*REQUIRED ACTION*
When writing out the entries below, keep only the lines from the line with "Acworth house for" to the line with "Pair of modernist", both included, exactly as they are, and leave the pictures aside.

*RECORDS FOR THE TASK*
"""

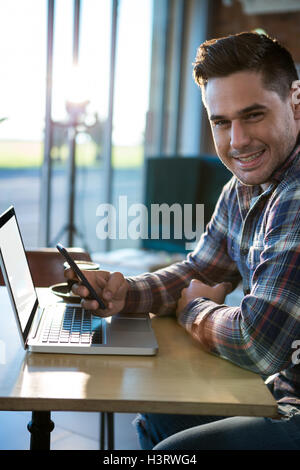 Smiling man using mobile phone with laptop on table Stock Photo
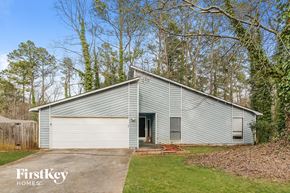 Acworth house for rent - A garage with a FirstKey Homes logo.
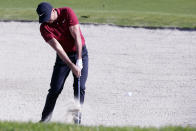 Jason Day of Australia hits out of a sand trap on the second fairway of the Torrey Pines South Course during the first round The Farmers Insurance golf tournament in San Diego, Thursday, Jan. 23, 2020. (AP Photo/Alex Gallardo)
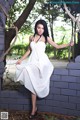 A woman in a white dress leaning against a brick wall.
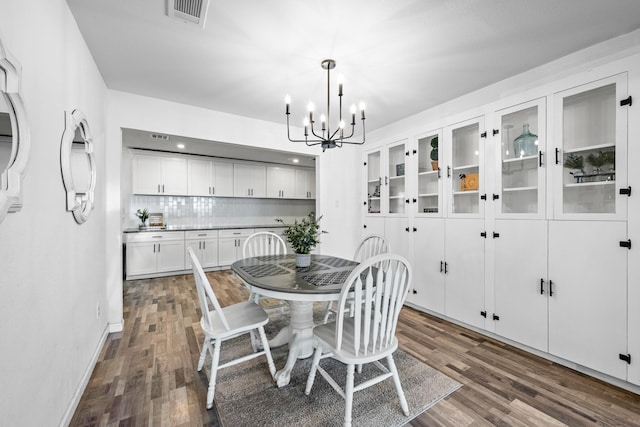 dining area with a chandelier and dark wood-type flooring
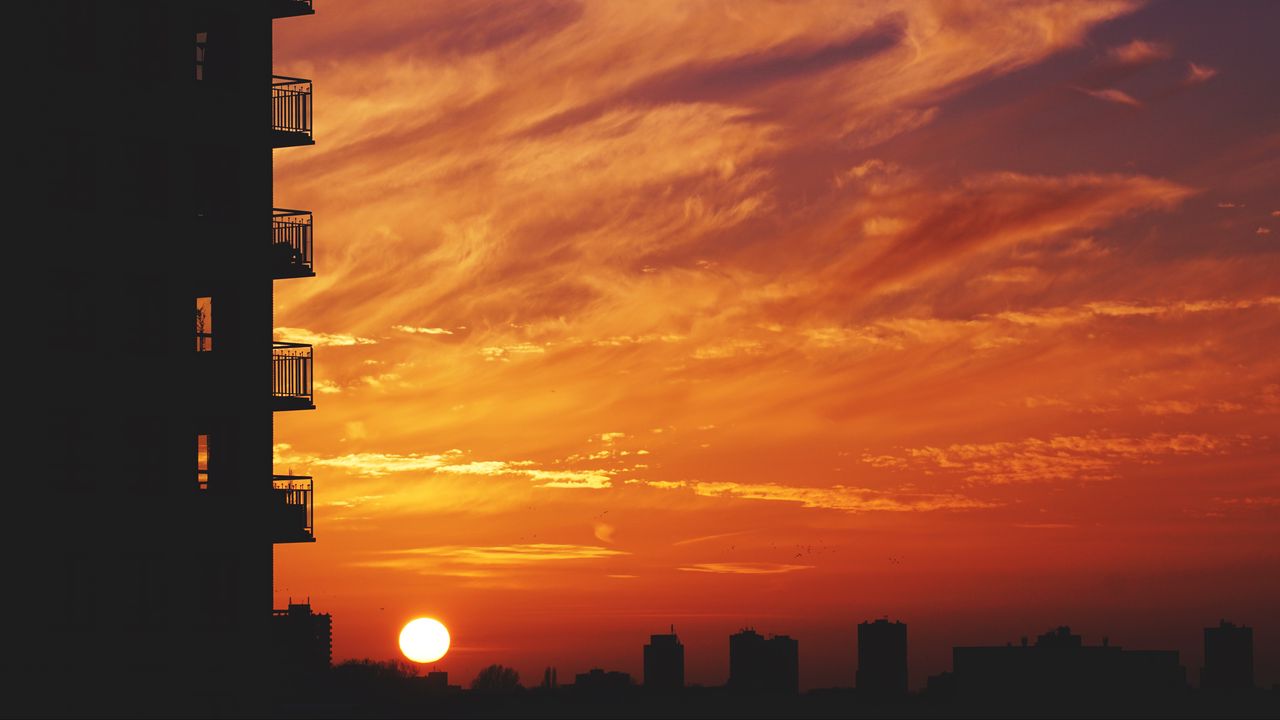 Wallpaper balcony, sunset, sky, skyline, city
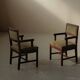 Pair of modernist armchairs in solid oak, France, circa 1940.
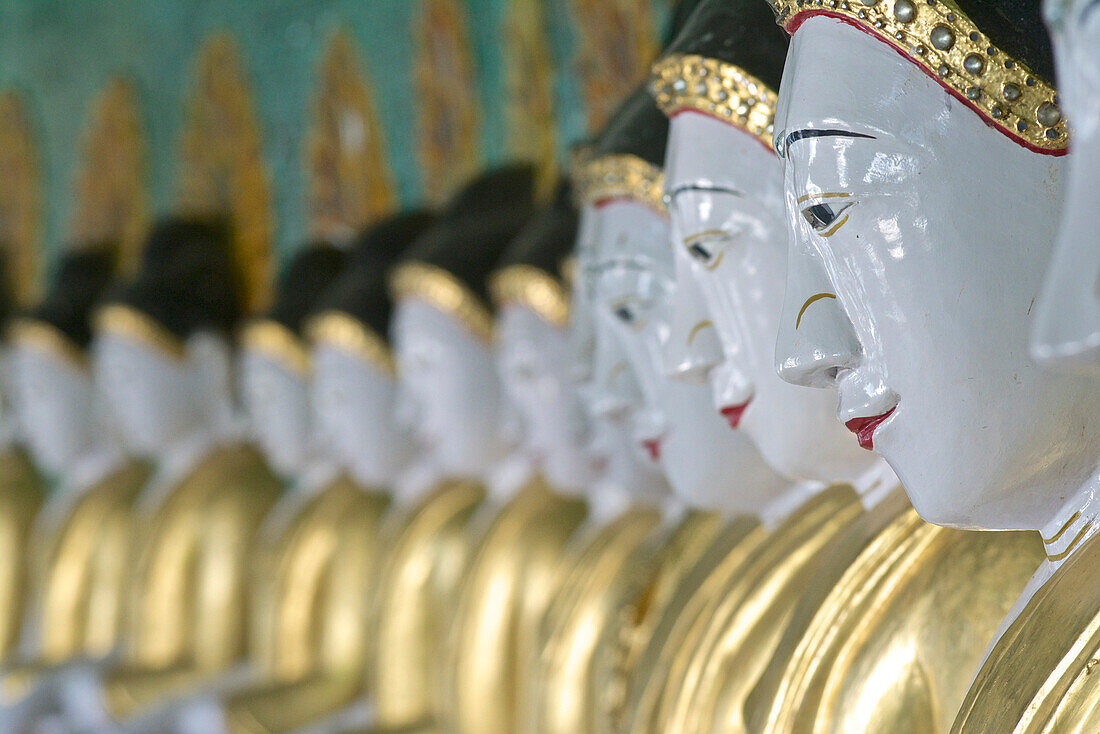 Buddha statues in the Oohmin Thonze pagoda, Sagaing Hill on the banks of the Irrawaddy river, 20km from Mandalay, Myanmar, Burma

"""
"""

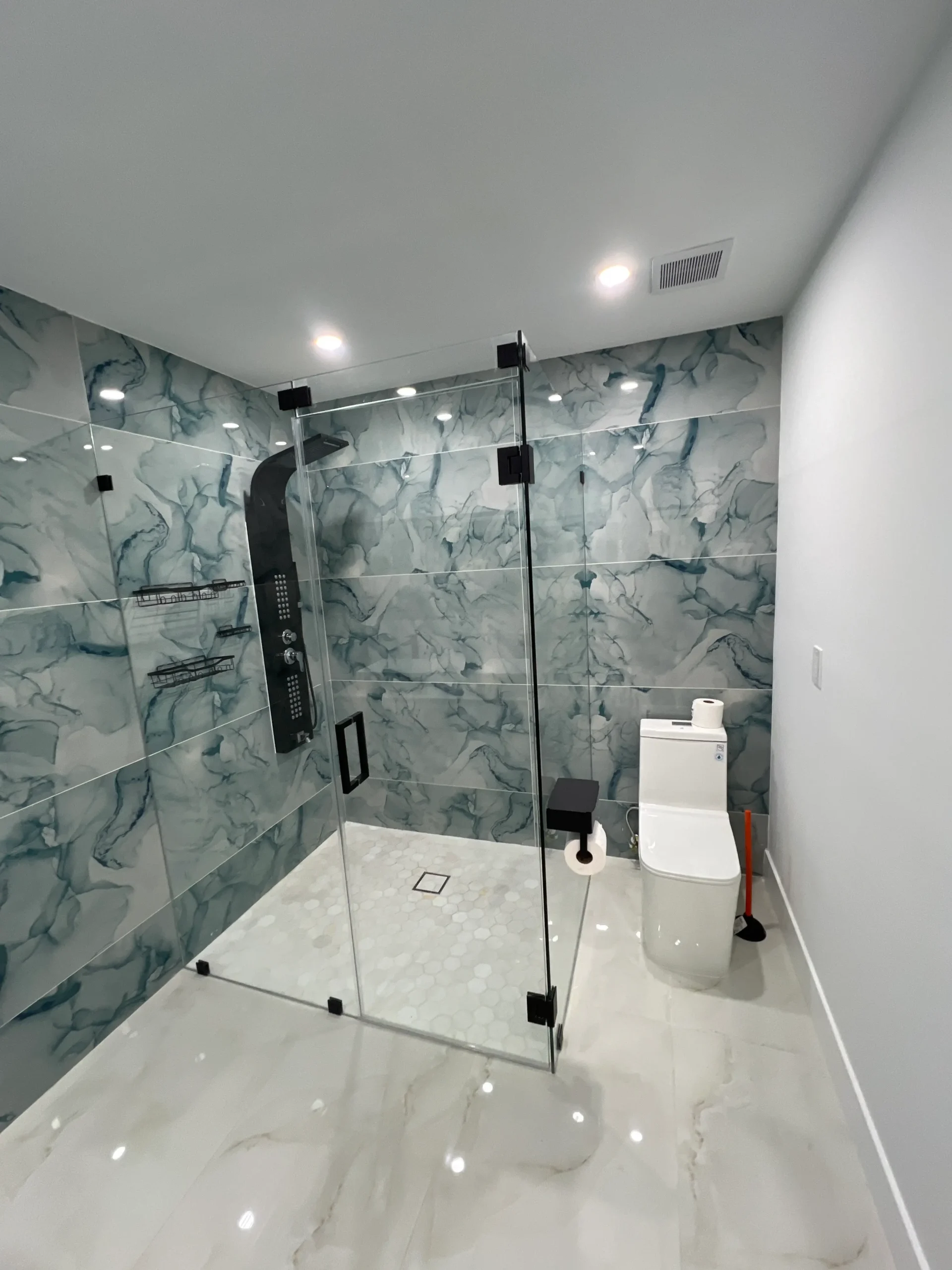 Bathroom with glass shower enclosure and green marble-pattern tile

"""

*ANSWER SECTION*
 Acworth house for rent - A garage with a FirstKey Homes logo.
 Jason Day of Australia hits out of a sand trap on the second fairway of the Torrey Pines South Course during the first round The Farmers Insurance golf tournament in San Diego, Thursday, Jan. 23, 2020. (AP Photo/Alex Gallardo)
 A woman in a white dress leaning against a brick wall.
 dining area with a chandelier and dark wood-type flooring
 Wallpaper balcony, sunset, sky, skyline, city
 Pair of modernist armchairs in solid oak, France, circa 1940.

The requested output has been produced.